Patch Management Support for New Platforms
The Patch Management application is supported on the Cloud Agent on the following platforms:
o MacOS 10.15 Catalina
o MacOS 11 Big Sur
o MacOS 12 Monterey
o MacOS 13 Ventura
Currently, Cloud Agent supports only minor operating system patch updates and third-party application patches using Patch Management. Major MacOS upgrades are not supported.
The MacOS support is available in Patch Management version 2.0 or later.
You can configure Patch Management settings through the Cloud Agent user interface—Timeout for the patch job execution can be set. The default timeout is 24 hours, after which the patch job will fail if no action is taken.
Prerequisite: You must enable notifications for the Cloud Agent application to receive the notification for operating system update patches.
A pop-up notification continues to appear until you apply the patch to the system.
Installation Prerequisites for Non-root Accout with Sudo-root Delegation
If you want to use a non-root account with Sudo root delegation, either the non-root user needs to be assigned sudo privileges directly or through group membership. Ensure that the NOPASSWD option is configured.
You must add an agent user entry in the /etc/sudoers.d/agentuser file, as shown in the following example:
agentuser ALL=(ALL) NOPASSWD:ALL
%agentuser ALL=(ALL) NOPASSWD: ALL
You can also use secure Sudo. When you set UseSudo=1, the agent tries to find the custom path in the secure_path parameter located in the /etc/sudoers.d/agentuser file.
This can be used to restrict the path from where commands are picked up during data collection. If this parameter is not set, the agent refers to the PATH variable to locate the command by running sudo sh.
Enhancements
There are no enhancements in this release.
Behavioral Changes
There are no behavioral changes for this release.
Platform Coverage Support
There are no new platform coverages in this release.
Issues Addressed
There are no notable and important issues addressed in this release.
Known Issues, Limitations, and Workarounds
- After the MacOS patch update, all the QualysCloudAgent logs from the /var/log/qualys directory are getting deleted.
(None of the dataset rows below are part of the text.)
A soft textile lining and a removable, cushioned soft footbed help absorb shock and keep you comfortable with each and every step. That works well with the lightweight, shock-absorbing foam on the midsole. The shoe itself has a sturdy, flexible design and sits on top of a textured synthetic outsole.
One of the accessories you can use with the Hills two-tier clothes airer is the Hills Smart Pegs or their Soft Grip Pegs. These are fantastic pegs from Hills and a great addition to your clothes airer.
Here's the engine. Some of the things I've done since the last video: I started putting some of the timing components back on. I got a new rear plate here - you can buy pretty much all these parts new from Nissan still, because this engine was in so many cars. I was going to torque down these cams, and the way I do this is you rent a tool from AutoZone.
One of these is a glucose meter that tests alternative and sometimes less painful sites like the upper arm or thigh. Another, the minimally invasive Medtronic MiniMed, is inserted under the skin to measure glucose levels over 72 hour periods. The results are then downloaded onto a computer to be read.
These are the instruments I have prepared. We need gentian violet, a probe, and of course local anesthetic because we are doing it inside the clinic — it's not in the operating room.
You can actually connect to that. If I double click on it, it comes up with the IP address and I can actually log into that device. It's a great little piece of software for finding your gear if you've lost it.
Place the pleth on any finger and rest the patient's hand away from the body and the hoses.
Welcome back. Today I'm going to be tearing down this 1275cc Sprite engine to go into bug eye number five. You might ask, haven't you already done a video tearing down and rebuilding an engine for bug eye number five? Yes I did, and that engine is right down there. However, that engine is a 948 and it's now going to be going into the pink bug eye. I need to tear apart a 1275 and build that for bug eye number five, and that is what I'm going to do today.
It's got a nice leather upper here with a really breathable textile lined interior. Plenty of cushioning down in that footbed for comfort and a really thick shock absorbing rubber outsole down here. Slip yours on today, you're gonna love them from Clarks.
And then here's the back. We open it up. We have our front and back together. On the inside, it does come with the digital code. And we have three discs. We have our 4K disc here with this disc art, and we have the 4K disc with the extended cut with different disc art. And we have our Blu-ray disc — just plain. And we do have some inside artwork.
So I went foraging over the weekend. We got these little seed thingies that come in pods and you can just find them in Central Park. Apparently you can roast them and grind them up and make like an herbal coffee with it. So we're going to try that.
However, the QualysCloudAgent logs again start populating once the system reboots post-MacOS update.
- Currently, the Apple Safari application stops responding after it is updated using the Patch Management application. This issue is observed in MacOS Monterey operating system.
Workaround: Do not select the latest Apple Safari patch for older MacOS versions. Instead, update the operating system to the latest version. - Pop-up notification appears even after successful application of the operating system update patch.
Workaround: Close the pop-up message. It does not reappear. - Multiple patches of a similar application appear as Latest Patch (Non-superseded) because of incorrect replacementPatches data in catalogue.
- The Patch Management log displays the error message from Ivanti—Pipe READ failed with message: Resource temporarily unavailable. However, this does not have any impact on the Agent functionality.
- The operating system patch update fails when there is insufficient storage space, and an incorrect status is provided about the update.
Workaround: Ensure that there is enough space for downloading the patch. Recommended space requirement for Mac endpoint is ~30-40GB space. For space requirements, refer to MacOS Big Sur - Technical Specifications.